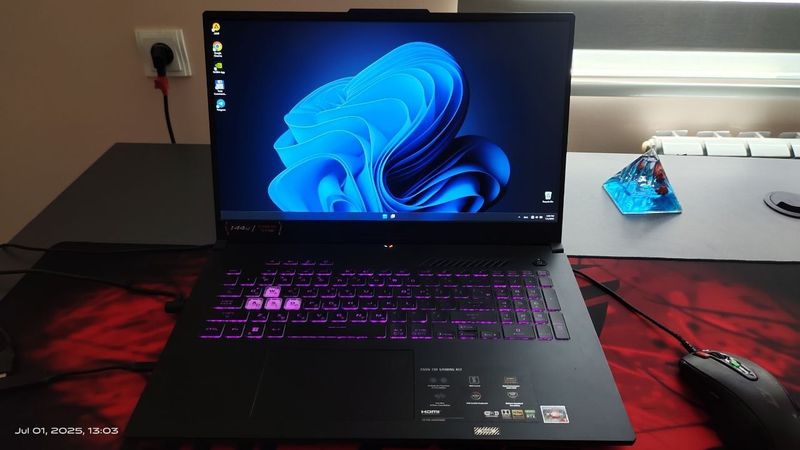ASUS TUF A17 Ryzen 7 6800h 16GB DDR5 1.5TB SSD Ideal Holatda!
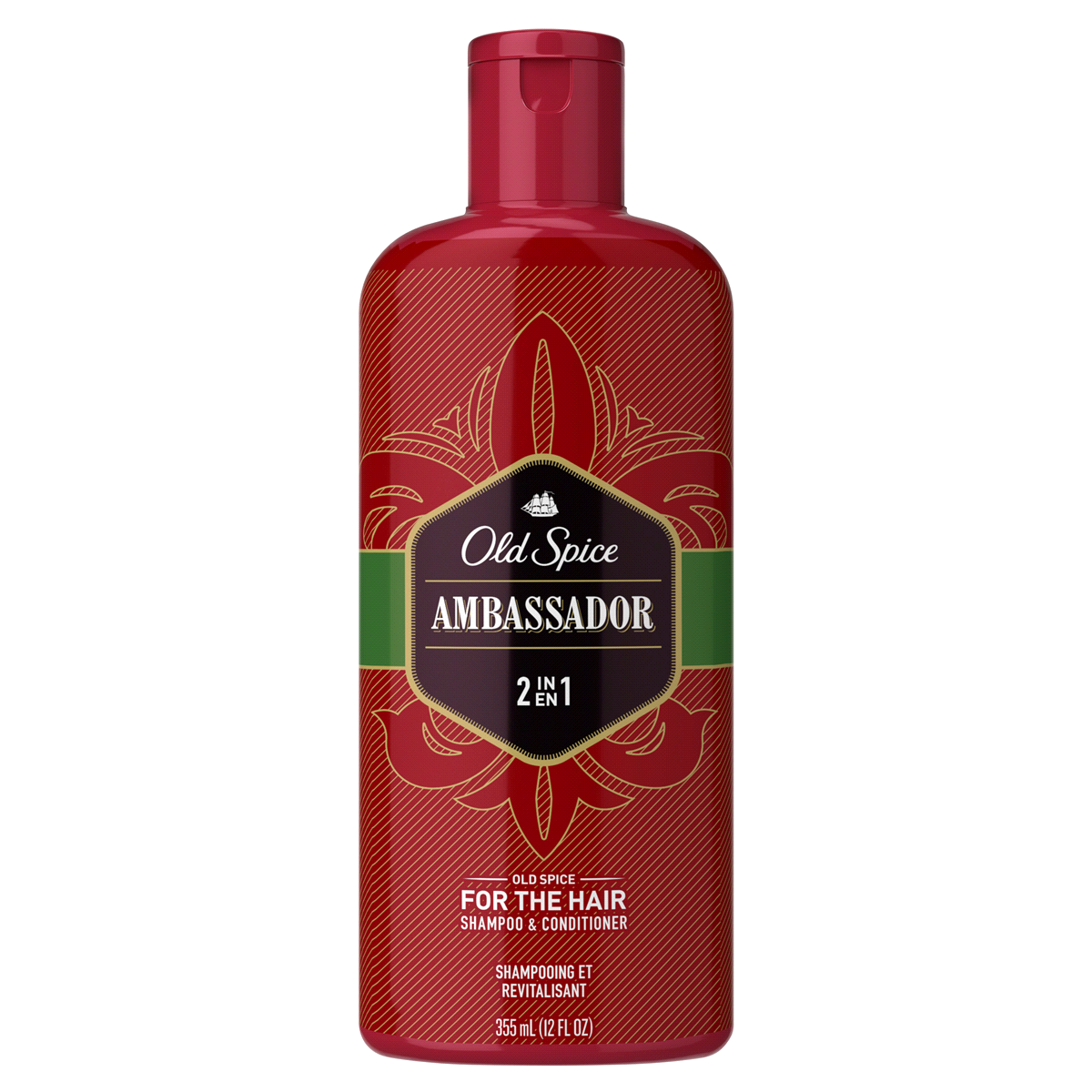 slide 2 of 3, Old Spice Ambassador Mens 2-In-1 Shampoo and Conditioner, 12 fl oz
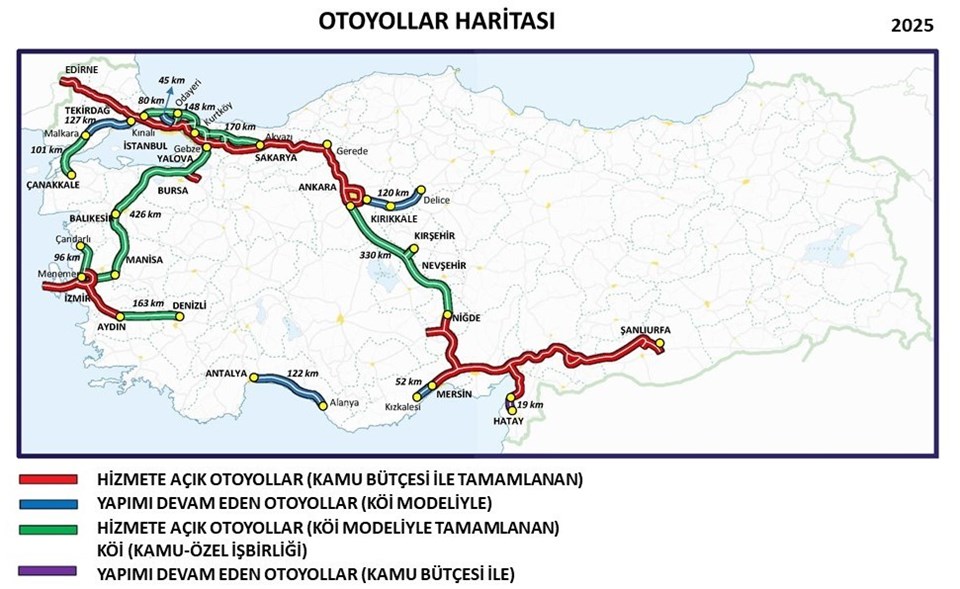 Köprü ve otoyollar özelleştiriliyor mu: Rutin bir durum - 1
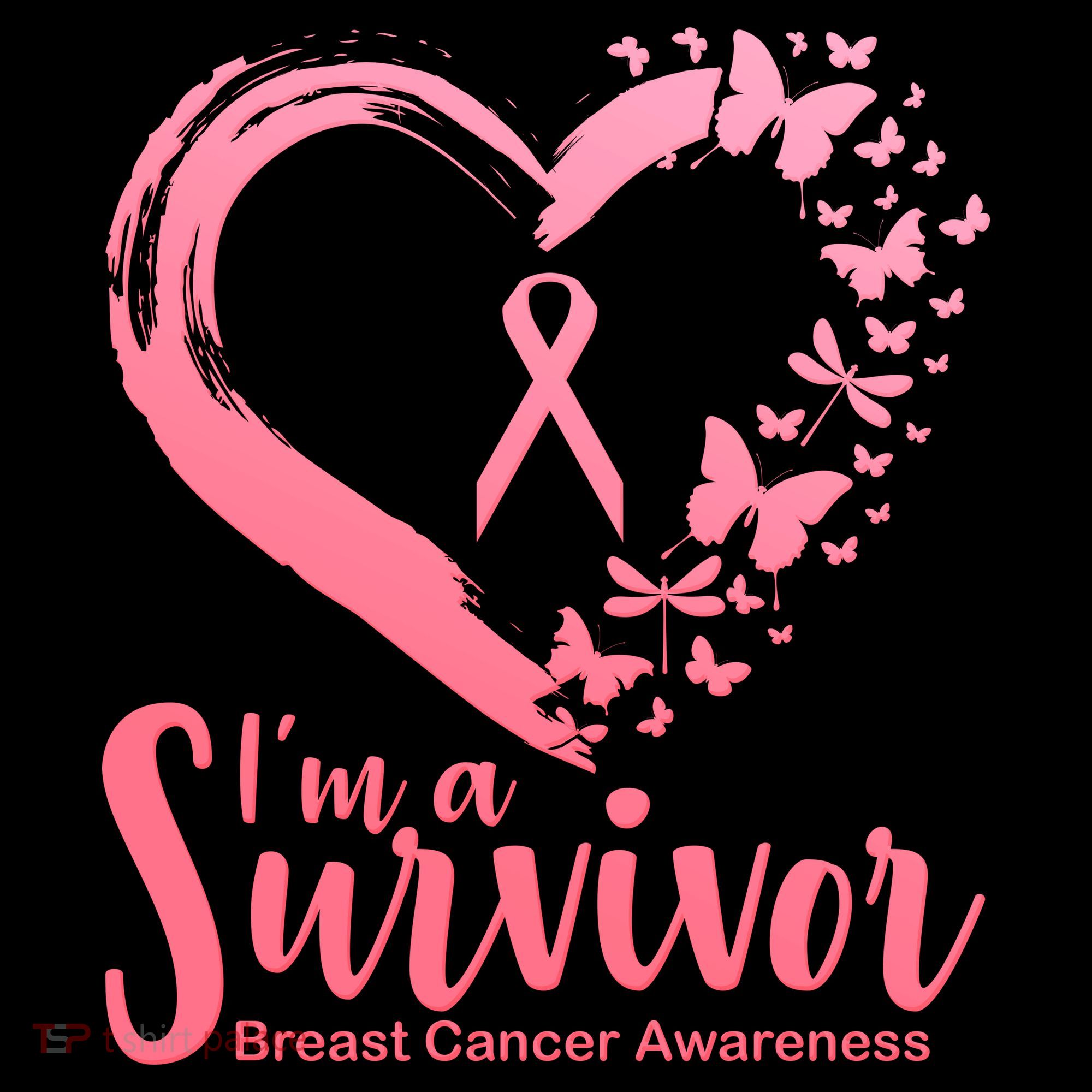 I'm a Survivor Breast Cancer Awareness Butterfly Coffee Mug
★ ★ ★ ★
• [PROBLEM TO SOLVE]: Please output all of the data exactly as given, omitting any images it holds.

• [ANSWER SPACE]:
ASUS TUF A17 Ryzen 7 6800h 16GB DDR5 1.5TB SSD Ideal Holatda!
 slide 2 of 3, Old Spice Ambassador Mens 2-In-1 Shampoo and Conditioner, 12 fl oz
 Köprü ve otoyollar özelleştiriliyor mu: Rutin bir durum - 1
 I'm a Survivor Breast Cancer Awareness Butterfly Coffee Mug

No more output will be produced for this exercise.